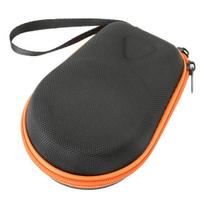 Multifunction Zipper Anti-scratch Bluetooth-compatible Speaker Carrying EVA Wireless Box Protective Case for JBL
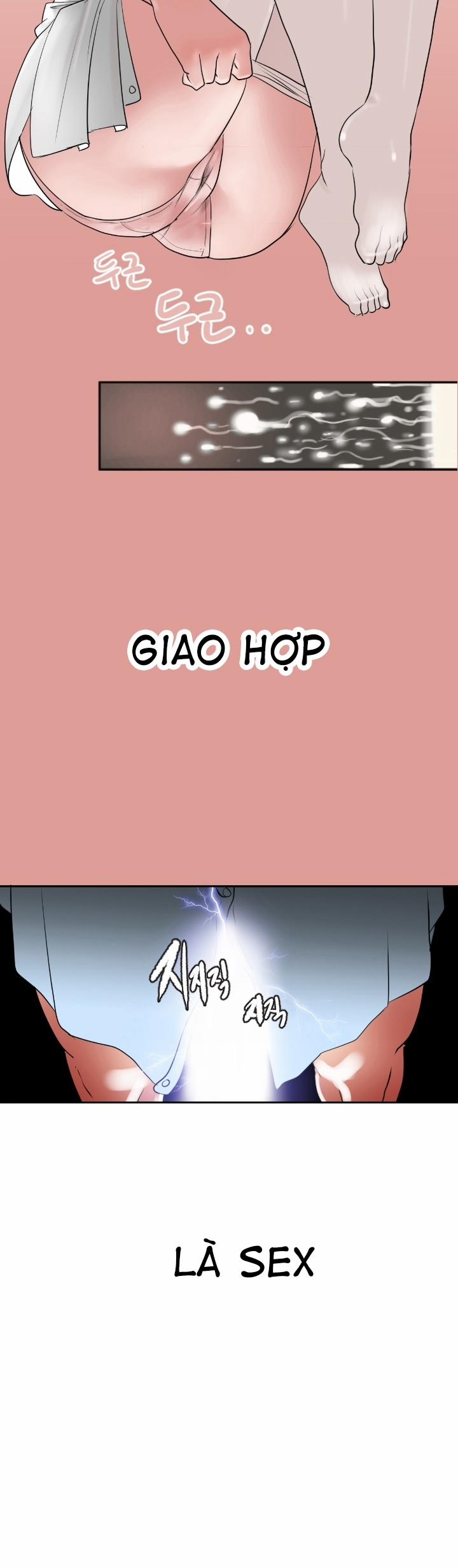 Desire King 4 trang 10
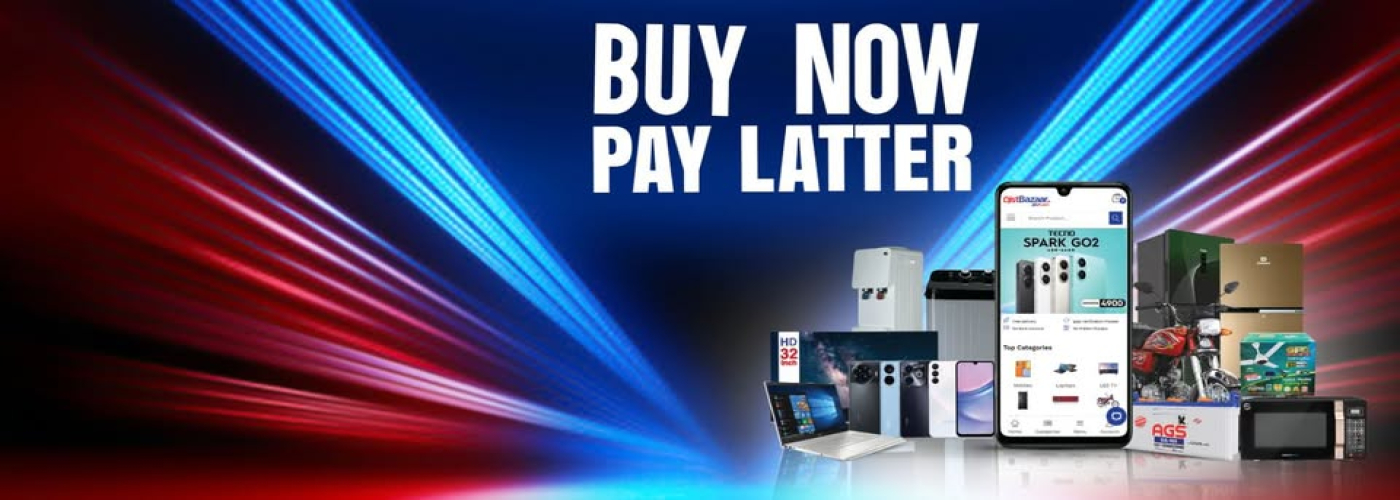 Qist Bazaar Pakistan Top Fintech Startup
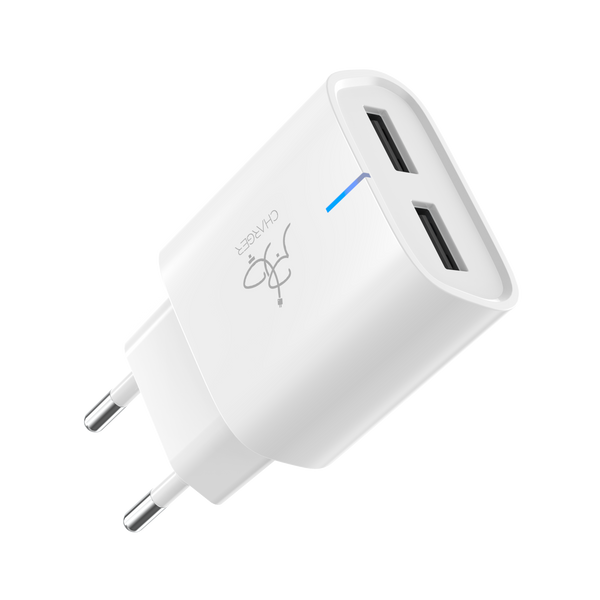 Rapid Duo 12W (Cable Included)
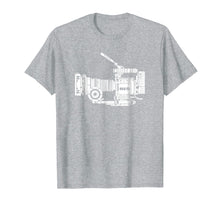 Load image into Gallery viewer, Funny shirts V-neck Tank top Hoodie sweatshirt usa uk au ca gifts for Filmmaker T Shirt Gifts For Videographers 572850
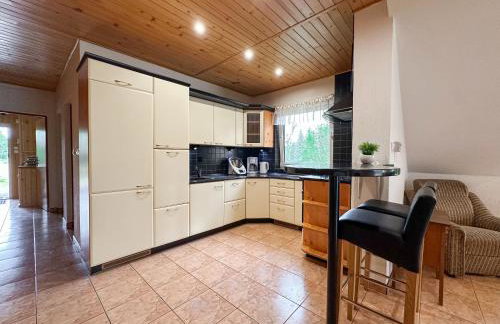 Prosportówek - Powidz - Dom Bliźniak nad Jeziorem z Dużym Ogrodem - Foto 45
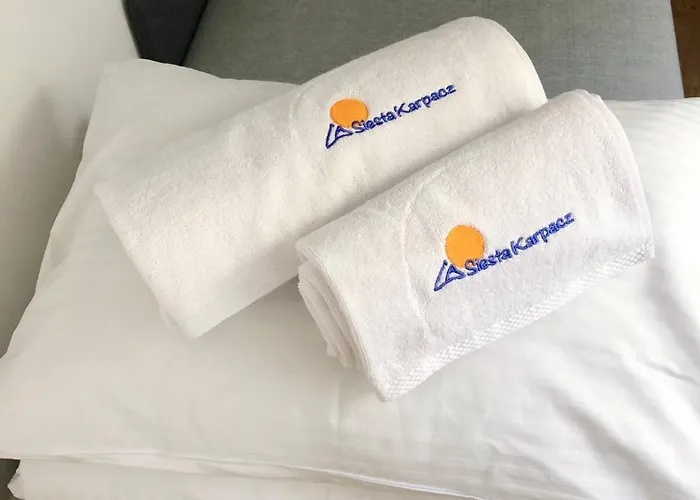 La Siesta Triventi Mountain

• [Work to complete]:
Pictures stay out. Transcribe the lines from the start of the entries above through the line with "Rapid Duo 12W (Cable Included)", exactly.

• [Result of the task]:
 Multifunction Zipper Anti-scratch Bluetooth-compatible Speaker Carrying EVA Wireless Box Protective Case for JBL
 Desire King 4 trang 10
 Qist Bazaar Pakistan Top Fintech Startup
 Rapid Duo 12W (Cable Included)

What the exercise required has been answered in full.